> **SOURCE DATA**
::::::::
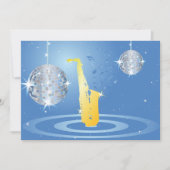 Invitation Disco Jazz Saxophone Balls de Miroir Étincelant (Devant)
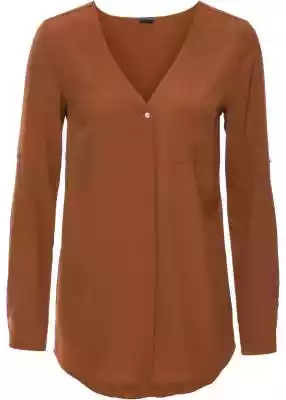 Bluzka z długim rękawem Podobne : Bluzka z długim rękawem z wiskozy brązowa - sklep z odzieżą damską More'moi - 2515
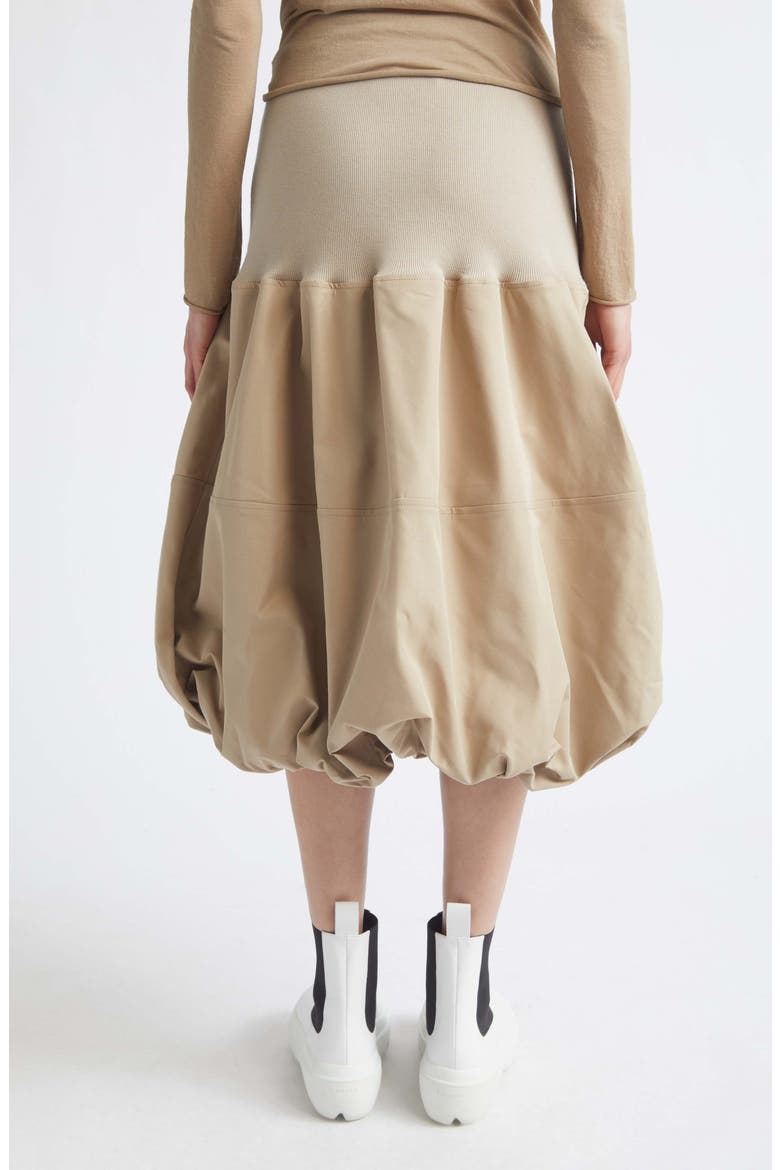 Ball Mixed Media Bubble Hem Midi Skirt, Alternate, color, BEIGE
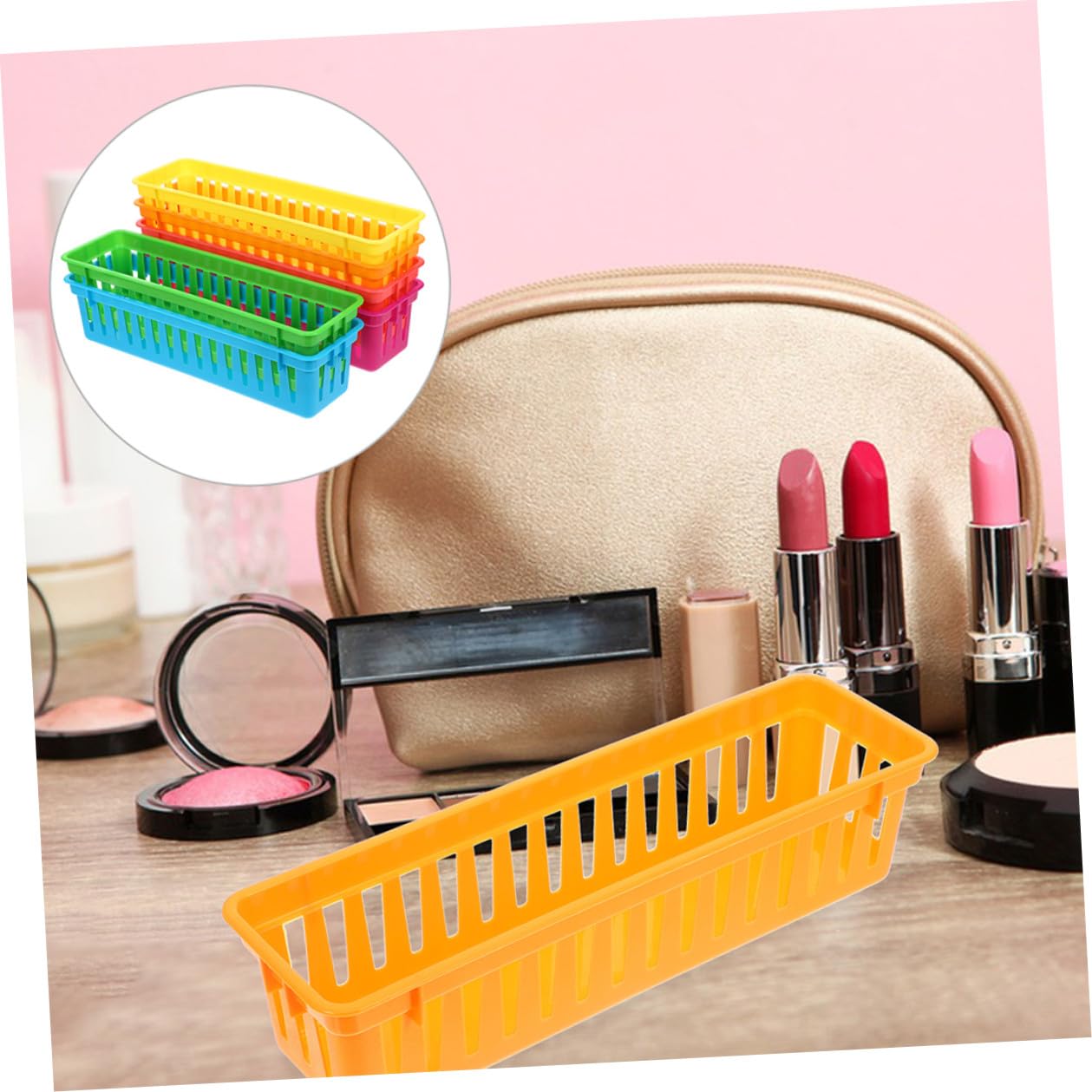 TEHAUX 2 Set Cestini Portaoggetti in Plastica Colorata Per Organizzazione Insegnanti Design Stretto Per Matite E Cancelleria Organizer Multiuso Per Scrivania Casa E Scuola 12 Pezzi*2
::::::::
> **WHAT YOU NEED TO DO**
Could the lines from the one with "Ball Mixed Media" through the last line of the material above be written out exactly, both included, with pictures left out?

> **SOLUTION FOR THIS PROBLEM**
 Ball Mixed Media Bubble Hem Midi Skirt, Alternate, color, BEIGE
 TEHAUX 2 Set Cestini Portaoggetti in Plastica Colorata Per Organizzazione Insegnanti Design Stretto Per Matite E Cancelleria Organizer Multiuso Per Scrivania Casa E Scuola 12 Pezzi*2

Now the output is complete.